RECORD EXTRACTS:
━━━━━━━━━━━━━━━━

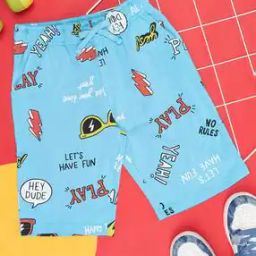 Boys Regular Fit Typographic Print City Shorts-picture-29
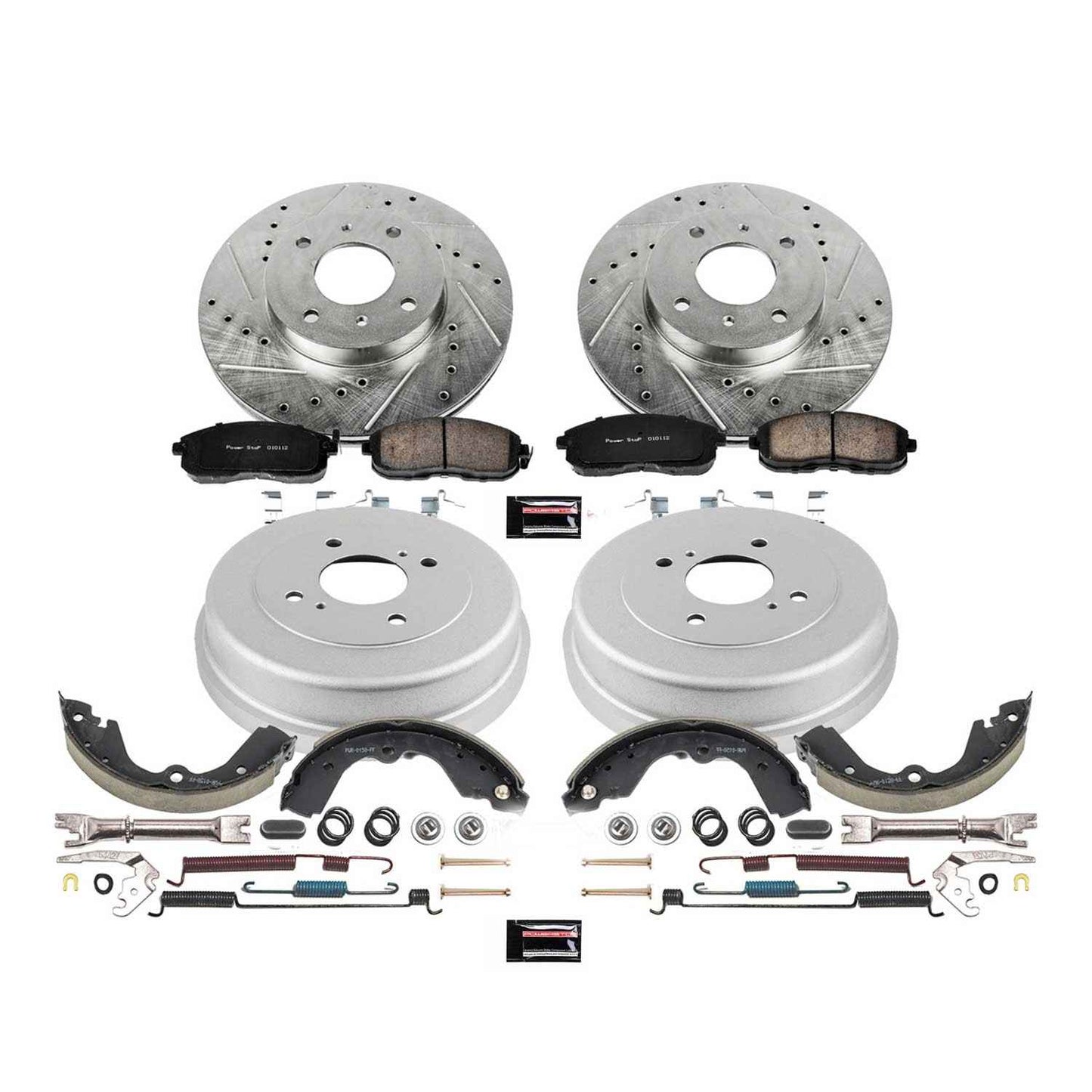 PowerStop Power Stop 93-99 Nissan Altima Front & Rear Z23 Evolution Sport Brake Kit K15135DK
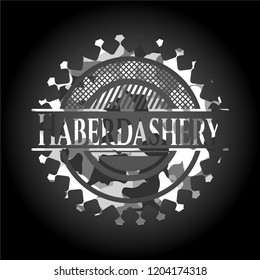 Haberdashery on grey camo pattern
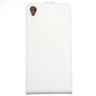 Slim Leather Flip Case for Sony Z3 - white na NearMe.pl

━━━━━━━━━━━━━━━━

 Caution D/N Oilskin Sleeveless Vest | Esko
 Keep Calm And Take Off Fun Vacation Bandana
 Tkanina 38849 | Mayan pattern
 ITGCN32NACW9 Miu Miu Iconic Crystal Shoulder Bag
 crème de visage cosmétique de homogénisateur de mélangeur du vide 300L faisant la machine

━━━━━━━━━━━━━━━━

PROBLEM:
Everything above from the line containing "Boys Regular Fit" through the line containing "Slim Leather Flip" must be repeated exactly, and the pictures must be left out.

TASK OUTPUT:
 Boys Regular Fit Typographic Print City Shorts-picture-29
 PowerStop Power Stop 93-99 Nissan Altima Front & Rear Z23 Evolution Sport Brake Kit K15135DK
 Haberdashery on grey camo pattern
 Slim Leather Flip Case for Sony Z3 - white na NearMe.pl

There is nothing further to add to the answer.